# FFT Bin Problem with external 24 Bit ADC(FFT bins changing with time)

Currently I am working on one project that includes 24 Bit external MCP3919 and MCP3914 ADCs and Tiva C series 32 Bit MCU. I am trying to calculate harmonic values of input signal.

I am using CMSIS DSP Library in Code Composer Studio. FFT functions are working great I have no problem with implementation of these functions. I tested them with internal generated sin signal and modulated it. Results are expected.

• FFT_Size : 64 point
• Window_Size : 2*FFT_Size

I have a problem that when I read real world signal from signal generator, my FFT bins are changing with time in n*50Hz signals. When I increase the input signal to 50.9 Hz there is no problem. It is same with 150Hz, 250Hz, 350Hz. It seems like there is fixed frequency error related with 50Hz.

For example : FFT functions work great with 50.9 Hz signal instead of 50Hz (1*0.9Hz) 152.7 Hz signal instead of 150 Hz ( 3*0.9Hz) 254.5 Hz signal instead of 250 Hz (5*0.9Hz)

I am sharing my FFT Bin graphs

                       **Fig1 : 50.0 Hz and 250.0Hz**


                    **Fig2 : 50.9 Hz and 254.5Hz**


As a result, with frequency changing FFT bins are true. I need your experiences with this issue.

dredg

• 50Hz multiples sounds suspiciously like power line feedthrough - is your signal generator mains powered? (I am assuming you are in a country with a 50Hz power line). The specific signal generator model might help us understand. – Peter Smith Apr 30 '16 at 13:59
• Hello Peter. I am not thinking that It is related with it. Because it is supplied isolated power supply. And I observed from osciloscope too. – dredg Apr 30 '16 at 14:54

This happens when the input signal is not exactly periodic with input signal length, e.g. because the generated sine and the ADC clock are from different clock sources.

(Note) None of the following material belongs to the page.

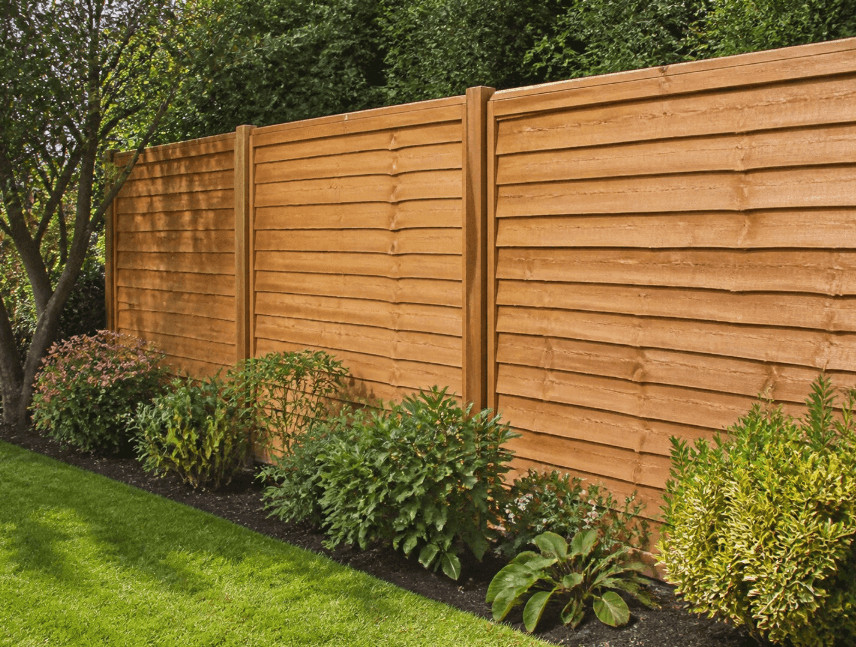 Why Upgrading Your Garden Fence Can Maximize Your Curb Appeal 3 Wooden garden fence in a lush garden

Looking at a signal that we expect in bin 2 ($e^{2ix}$), and the result for bin 1:
• If the sampling period contains exactly two signal periods: $\int_0^{2\pi}\!{e^{2ix}e^{-ix}\ dx} = 0$
• If the signal is a bit lower in frequency: $\int_0^{2\pi}\!{e^{1.99ix}e^{-ix}\ dx} = -0.063 + 0.002i$, so quite a bit of energy is shown in this bin.